Nell’immaginario collettivo la Svezia è un Paese civile, evoluto, con un alto grado di scolarizzazione e ottimi servizi sociali. Eppure anch’essa ha i suoi “scheletri nell’armadio”. Uno di questi, forse inaspettato per molti, riguarda proprio il rapporto con la natura. A fronte di numerosi Parchi nazionali ricchi di fauna, un grosso neo sta infatti macchiando proprio in questi giorni la credibilità ambientale del Paese scandinavo: l’abbattimento, con scuse assai poco credibili, dei superpredatori.
Dopo l’abbattimento record di lupi avvenuto a inizio anno, ora il governo ha autorizzato la massiccia uccisione di linci. Ovvero di due specie poste ai vertici della catena trofica le cui popolazioni, per quanto in buone condizioni, certo non sono composte da migliaia di individui. Ma che soprattutto mantengono complesse relazioni con molte altre specie, che a lora volta potranno risentire di questi pesanti mutamenti nel rapporto preda/predatore.
L’abbattimento dei lupi
Tutto è cominciato con i lupi a gennaio, dopo che il governo di Stoccolma aveva autorizzato l’abbattimento di 75 lupi nel 2023, più del doppio della cifra dell’anno scorso, nonostante gli avvertimenti degli scienziati secondo cui il numero di questi predatori non fosse ancora sufficientemente elevato e stabile da sostenere una popolazione sana.
Eppure le autorità, pressate dalle forti lobby venatorie, hanno deciso diversamente e i cacciatori non si sono fatti pregare, uccidendo in poche settimane ben 54 lupi, nel più grande e controverso abbattimento di predatori nella storia recente del Paese.
Ora è arrivato il turno delle linci, per il cui abbattimento l’agenzia governativa ha rilasciato licenze per uccidere un totale di 201 animali (più del doppio rispetto agli ultimi anni) attirando tra l’altro cacciatori da tutta Europa.
Anche in questo caso molti zoologi hanno evidenziato come questi piani di abbattimento siano del tutto sproporzionati rispetto a qualsiasi reale esigenza gestionale, a partire dal presunto pericolo per il bestiame o le persone.
Come in Africa
«Questa è una caccia ai trofei, proprio come andare in Africa a cacciare i leoni”, ha detto Magnus Orrebrant, capo di Svenska Rovdjursföreningen, un gruppo di difesa dei diritti degli animali che ha avviato una petizione per fermare la caccia ai trofei della lince.
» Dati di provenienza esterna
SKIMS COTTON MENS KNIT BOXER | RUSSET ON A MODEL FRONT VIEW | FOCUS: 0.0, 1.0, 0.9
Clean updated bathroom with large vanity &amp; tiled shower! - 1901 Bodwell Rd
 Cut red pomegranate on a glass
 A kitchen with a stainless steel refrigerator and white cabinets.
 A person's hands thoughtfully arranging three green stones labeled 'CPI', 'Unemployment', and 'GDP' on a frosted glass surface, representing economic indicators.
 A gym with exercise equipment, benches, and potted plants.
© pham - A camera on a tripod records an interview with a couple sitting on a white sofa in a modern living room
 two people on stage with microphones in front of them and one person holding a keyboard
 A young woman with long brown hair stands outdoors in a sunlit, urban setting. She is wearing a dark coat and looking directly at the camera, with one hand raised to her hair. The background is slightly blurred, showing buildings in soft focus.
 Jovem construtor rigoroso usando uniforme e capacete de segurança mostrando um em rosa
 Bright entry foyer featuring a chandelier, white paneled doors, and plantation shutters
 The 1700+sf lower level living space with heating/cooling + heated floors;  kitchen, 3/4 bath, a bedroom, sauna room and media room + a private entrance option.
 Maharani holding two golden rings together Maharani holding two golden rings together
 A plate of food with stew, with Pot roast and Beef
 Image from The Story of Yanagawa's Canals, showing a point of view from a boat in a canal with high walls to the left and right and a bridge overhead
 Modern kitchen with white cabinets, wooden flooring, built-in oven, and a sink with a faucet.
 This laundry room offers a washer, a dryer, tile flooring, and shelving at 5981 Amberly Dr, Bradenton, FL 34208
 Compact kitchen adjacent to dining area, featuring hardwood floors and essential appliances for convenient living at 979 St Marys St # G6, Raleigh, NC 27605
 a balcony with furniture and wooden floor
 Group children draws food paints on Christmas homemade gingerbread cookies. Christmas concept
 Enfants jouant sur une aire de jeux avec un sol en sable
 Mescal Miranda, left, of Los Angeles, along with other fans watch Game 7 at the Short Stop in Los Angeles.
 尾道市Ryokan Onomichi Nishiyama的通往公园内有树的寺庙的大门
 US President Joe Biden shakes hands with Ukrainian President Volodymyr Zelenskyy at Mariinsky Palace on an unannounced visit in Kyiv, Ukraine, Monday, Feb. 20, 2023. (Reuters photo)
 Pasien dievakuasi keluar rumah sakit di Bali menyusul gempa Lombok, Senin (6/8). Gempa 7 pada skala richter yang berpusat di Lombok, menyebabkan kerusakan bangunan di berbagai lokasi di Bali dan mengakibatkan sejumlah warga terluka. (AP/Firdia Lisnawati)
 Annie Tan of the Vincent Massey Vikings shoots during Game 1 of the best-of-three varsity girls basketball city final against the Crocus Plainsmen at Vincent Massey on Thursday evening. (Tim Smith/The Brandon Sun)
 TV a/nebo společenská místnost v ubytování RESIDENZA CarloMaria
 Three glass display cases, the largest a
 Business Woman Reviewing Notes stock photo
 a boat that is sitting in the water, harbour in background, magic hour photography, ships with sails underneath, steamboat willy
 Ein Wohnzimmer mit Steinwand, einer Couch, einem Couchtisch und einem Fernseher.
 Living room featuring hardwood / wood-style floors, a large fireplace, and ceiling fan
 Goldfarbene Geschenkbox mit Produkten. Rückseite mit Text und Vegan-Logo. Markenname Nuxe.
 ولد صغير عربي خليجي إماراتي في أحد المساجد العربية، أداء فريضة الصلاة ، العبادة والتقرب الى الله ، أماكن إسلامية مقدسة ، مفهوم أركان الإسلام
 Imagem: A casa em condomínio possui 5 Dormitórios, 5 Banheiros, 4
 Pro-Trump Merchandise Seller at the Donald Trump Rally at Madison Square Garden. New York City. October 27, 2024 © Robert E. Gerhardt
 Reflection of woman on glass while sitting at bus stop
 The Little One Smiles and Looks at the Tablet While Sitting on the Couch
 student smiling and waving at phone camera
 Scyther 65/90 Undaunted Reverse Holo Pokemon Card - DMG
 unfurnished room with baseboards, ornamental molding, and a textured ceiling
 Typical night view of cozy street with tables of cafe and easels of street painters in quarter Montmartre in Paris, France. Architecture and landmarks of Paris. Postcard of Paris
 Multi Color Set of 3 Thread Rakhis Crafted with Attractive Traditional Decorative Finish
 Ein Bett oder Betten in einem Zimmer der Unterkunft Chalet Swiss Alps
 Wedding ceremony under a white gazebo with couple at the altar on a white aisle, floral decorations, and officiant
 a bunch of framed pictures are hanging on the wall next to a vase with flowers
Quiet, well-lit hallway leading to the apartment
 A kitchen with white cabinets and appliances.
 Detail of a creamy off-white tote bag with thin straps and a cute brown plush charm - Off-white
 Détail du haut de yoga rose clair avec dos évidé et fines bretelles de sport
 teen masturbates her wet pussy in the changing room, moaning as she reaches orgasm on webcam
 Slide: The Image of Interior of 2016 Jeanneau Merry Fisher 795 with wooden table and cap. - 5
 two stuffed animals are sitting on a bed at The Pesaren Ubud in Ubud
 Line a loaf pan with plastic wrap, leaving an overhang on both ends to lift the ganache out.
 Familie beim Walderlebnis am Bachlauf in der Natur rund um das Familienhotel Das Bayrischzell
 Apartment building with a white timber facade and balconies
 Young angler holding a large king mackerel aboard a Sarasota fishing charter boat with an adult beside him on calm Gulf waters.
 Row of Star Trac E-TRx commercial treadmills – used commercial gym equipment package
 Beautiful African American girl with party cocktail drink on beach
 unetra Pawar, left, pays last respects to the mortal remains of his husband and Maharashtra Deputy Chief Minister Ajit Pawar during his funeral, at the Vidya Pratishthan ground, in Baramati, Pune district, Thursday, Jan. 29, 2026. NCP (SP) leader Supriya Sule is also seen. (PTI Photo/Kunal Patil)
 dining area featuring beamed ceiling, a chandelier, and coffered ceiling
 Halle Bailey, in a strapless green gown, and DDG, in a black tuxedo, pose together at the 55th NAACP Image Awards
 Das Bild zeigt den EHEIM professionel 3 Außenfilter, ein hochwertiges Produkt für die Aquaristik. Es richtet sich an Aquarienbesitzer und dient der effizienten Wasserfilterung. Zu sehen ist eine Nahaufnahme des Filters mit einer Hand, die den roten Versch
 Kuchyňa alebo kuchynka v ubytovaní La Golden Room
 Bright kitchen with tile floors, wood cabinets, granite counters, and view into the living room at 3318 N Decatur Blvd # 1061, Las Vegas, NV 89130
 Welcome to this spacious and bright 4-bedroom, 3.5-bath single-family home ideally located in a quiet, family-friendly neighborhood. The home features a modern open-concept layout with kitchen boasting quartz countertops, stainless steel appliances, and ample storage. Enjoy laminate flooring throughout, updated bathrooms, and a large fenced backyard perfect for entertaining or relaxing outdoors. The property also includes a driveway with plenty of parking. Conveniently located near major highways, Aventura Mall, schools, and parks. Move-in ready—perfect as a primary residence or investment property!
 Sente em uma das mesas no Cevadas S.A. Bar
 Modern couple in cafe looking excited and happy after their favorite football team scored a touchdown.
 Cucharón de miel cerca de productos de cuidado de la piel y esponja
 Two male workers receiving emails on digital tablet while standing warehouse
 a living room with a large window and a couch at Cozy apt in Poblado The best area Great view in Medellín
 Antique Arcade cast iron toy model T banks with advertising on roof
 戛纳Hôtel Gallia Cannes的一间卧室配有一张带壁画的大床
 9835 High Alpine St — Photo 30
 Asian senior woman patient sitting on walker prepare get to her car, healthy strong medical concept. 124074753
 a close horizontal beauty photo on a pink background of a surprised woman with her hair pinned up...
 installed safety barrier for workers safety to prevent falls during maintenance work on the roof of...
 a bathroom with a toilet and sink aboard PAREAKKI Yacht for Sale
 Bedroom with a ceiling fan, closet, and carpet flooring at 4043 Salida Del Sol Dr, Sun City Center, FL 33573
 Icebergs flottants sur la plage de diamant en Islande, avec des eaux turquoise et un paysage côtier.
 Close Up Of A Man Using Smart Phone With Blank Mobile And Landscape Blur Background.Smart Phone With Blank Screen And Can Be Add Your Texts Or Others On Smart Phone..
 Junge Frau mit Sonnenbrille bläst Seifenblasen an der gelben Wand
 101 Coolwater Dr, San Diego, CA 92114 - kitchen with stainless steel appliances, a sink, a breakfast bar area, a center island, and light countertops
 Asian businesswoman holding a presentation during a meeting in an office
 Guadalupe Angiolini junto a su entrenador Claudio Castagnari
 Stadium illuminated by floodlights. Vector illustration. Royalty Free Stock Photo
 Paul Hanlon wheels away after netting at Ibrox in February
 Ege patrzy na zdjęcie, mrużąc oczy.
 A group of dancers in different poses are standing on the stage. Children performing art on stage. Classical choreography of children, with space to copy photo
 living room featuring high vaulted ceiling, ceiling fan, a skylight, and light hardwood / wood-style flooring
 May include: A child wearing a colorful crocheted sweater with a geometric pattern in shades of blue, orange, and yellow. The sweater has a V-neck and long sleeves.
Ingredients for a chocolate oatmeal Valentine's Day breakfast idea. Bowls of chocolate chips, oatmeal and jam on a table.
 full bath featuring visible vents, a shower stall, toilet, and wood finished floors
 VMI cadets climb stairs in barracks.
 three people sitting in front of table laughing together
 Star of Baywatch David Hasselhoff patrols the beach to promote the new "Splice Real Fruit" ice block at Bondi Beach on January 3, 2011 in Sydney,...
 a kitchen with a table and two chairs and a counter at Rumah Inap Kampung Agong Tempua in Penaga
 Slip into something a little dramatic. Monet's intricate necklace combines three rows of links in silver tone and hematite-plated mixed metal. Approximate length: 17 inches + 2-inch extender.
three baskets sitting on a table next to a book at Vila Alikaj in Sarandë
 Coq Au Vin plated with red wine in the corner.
Da notare che solo tre mesi fa la Svezia si era impegnata con quasi altri 200 paesi a fermare e ridurre la perdita di biodiversità entro il 2030.
Si potrebbero poi dire molte cose sul perché di queste concessioni alla lobby minoritaria ma influente dei cacciatori, senza alcun reale significato scientifico e che viola la legislazione comunitaria.
Proprio come spesso accade anche in Italia, dove tra l’altro nei confronti dei grandi predatori stiamo assistendo a comportamenti a dir poco contraddittori, con Regioni che, dopo aver avuto cospicui finanziamenti comunitari per reintrodurre specie protette (per esempio, l’orso), ora ne chiedono l’abbattimento (vedi Trentino-Alto Adige). Così come molte Regioni chiedono al governo di riaprire anche da noi la caccia al lupo. Mentre in altri casi (per esempio, in Friuli) si decide di partire con un complesso e costoso progetto di reintroduzione/ripopolamento della lince.
In tutti i casi dunque assistiamo a comportamenti “di controllo” non supportati da dati scientifici e che seguono metodologie non corrette, dando un eccessivo peso a lobby, quelle venatorie, che, per quanto ben organizzate e politicamente trasversali, rappresentano comunque un’esigua minoranza della popolazione italiana ed europea.
E allora viene il sospetto che il loro potere non nasca tanto dalla caccia ma da altre fonti, e che il crescente aumento delle spese militari a cui stiamo assistendo negli ultimi anni anche in Europa possa in qualche modo alimentare e legittimare questo peso politico ed economico.
Allontanandoci ancora una volta dalla pacifica coesistenza con il mondo naturale e privilegiandone invece le numerose e tristemente creative forme di ecocidio.